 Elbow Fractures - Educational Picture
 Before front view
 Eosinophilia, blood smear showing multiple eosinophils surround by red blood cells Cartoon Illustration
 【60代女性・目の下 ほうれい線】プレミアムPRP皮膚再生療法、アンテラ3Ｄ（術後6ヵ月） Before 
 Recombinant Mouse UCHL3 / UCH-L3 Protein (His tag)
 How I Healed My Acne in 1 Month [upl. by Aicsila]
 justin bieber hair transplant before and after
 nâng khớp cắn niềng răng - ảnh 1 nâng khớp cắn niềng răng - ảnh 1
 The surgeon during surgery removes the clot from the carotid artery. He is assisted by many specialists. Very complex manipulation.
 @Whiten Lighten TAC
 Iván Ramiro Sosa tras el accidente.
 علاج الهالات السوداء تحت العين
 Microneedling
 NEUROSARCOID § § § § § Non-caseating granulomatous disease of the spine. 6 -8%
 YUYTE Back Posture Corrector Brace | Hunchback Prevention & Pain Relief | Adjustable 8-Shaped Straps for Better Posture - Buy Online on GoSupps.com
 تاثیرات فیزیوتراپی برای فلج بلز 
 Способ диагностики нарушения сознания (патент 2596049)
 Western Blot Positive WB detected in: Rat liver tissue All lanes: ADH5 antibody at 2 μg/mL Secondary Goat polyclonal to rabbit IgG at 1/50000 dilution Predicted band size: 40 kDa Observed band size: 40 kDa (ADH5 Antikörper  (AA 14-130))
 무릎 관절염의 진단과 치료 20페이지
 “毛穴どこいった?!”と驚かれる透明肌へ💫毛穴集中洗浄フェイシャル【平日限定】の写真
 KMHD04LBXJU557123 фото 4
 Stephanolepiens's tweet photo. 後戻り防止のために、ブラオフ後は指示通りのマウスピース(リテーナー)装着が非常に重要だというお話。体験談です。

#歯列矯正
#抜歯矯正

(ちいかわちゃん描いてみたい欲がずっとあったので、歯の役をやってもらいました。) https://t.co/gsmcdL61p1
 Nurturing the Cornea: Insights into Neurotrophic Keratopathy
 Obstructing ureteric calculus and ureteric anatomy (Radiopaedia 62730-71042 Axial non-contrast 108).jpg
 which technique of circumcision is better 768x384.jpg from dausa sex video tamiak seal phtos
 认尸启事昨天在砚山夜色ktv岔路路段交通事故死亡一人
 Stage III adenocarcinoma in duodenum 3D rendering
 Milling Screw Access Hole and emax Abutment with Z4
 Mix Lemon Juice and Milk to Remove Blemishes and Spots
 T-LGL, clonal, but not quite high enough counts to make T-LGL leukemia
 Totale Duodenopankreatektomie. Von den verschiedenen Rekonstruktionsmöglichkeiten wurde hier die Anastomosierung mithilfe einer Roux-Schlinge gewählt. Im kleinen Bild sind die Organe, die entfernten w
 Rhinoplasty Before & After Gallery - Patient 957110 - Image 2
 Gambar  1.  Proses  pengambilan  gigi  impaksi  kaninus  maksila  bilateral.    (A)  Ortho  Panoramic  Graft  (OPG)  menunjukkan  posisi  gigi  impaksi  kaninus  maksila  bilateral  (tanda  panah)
━━━
**Aim of the exercise:** Note which lines carry the word "from" in the material, then copy each of them.

**Response to the exercise:**
 The surgeon during surgery removes the clot from the carotid artery. He is assisted by many specialists. Very complex manipulation.
 which technique of circumcision is better 768x384.jpg from dausa sex video tamiak seal phtos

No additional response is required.